Sunday, December 16, 2012


Ooh I ate too much. I feel like Percy Pig (who is bursting his little waistcoat buttons). We seem to have been stuck in the Flinders Island eat-athon. First Jamie brought us a Swiss 'black forest' type choccy cake from his Swiss wife as thanks for hay-help, and we had to have a piece with Jamie, and then we went off to the FIAA (Barbs works for them) Christmas dinner, and seeing as I was spending $45 (she got her tucker for free) and I'm still in the appalling habit of translating that back to Rand, I made sure I ate every morsel and regretted it. The Tavern's chef (who left today) was a big step up, but (Modesty Blaise here the tall poppy speaking) I do cook better. Well, I don't have to cook for those numbers of people. But my feeling is that a rack of lamb should just be pink against the bone OR stripped of almost all fat, as lamb fat needs to be crisp and cooked. Rare and fat is hard going for my taste. The creme brule had great topping but had vast amounts of of slightly lumpy not quite set custard with no real taste except sweet. I like it firm but soft. And now I feel hypercritical and bad. It was a noble effort, as the Tavern hasn't risen to this sort of food much. Anyway after a night of indigestion, we went to church this morning, ahd too much cake after... and then took a crayfish cocktail (this - very typical South Africa 1960-1970 standard restaurant fare - from seafood cocktail (at the bottom), to prawn cocktail, to crayfish cocktail at the best fell out of favor, probably because the silly beggars put too much mayo and rubbish in and too little of the crayfish. Done right, with just enough good mayo to stick it together, a splash of tomato sauce, a tiny bit of chilli pepper, and some fresh chives, it is very good) to a friend's 40th party. Only they'd stocked up on a lot of German food (he is of German origin) which we had to try. And the other 40 families had all brought their party pieces... Barbs has bravely gone to the carols (which the kids and the a-capella ? spell? group are are doing), with port and mince-pies after, and all the island there I would guess. It would be lovely I am sure, but I have seen enough people and eaten enough.

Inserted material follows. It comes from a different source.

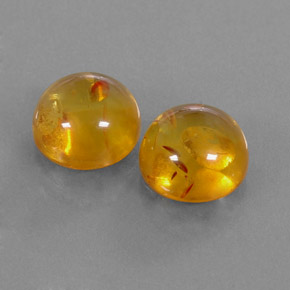 カラットの天然イエローオレンジ琥珀（アンバー）（9.56 mm・透明）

Instead I harvested another 18 heads of garlic - bringing our total so far 24. Some of these are real beauties, and a few just average. There is still a fair bit to come in but I am leaving the plants with good scapes another day or two to let them mature a bit further. Nothing to do with the stress of bending my overful tummy over the planting tank. I will sun-dry them a bit tomorrow and plait them.


  1. The garlics you are growing for bubils need to be left until they burst from the paper and are dry.

    I think the reason that Lamb has fallen out of favor in the US is that people have stopped cooking at high heat. High heat cooking requires your attention and patience. Rack of Lamb should be cooked, with the meat brought to room temperature first, by searing the outside first and then sticking the whole pan in the oven at 450. This makes the outside crispy and yummy and the inside by the bone just right and rare.

    Instead they cook them for groups at 350 or so and the outside is not so crispy and the fat doesn't render and is lardish.

    This, by the way, is true for any prime, fatty cut of meat. A Porterhouse or T-Bone cooked at 500 is a thing of beauty with a crisp of fat. Instead we cut the fat away....

    1. Excellent to have this confirmed - the paper has burst on about half, but they are not dry yet, so I wanted to leave them.

      I like to rub salt into the fat and crisp it with a touch of lemon juice to help the caramelization and flavor. They are cooked under a grill so the rendered fat drips out, very close at a very high heat, and the lower for the second side. Salt only goes onto meat once it has seared sealed. Of course they are very good - and hard work, on a real charcoal barbie. With steaks as I like the fat, but like fat cooked DEAD, whereas the steak can be quite rare (or very rare for Barbs) what I do is to put the steaks on edge onto a very hot ridged skillet- with two skewers to keep them up on edge, and cook the fat quite well, and then cook as normal. For really great steaks I actually do not believe in ridged skillet, as a flat pan seals better IMO. Grin You might guess I am quite fanatical about the subject and you wouldn't be too far wrong.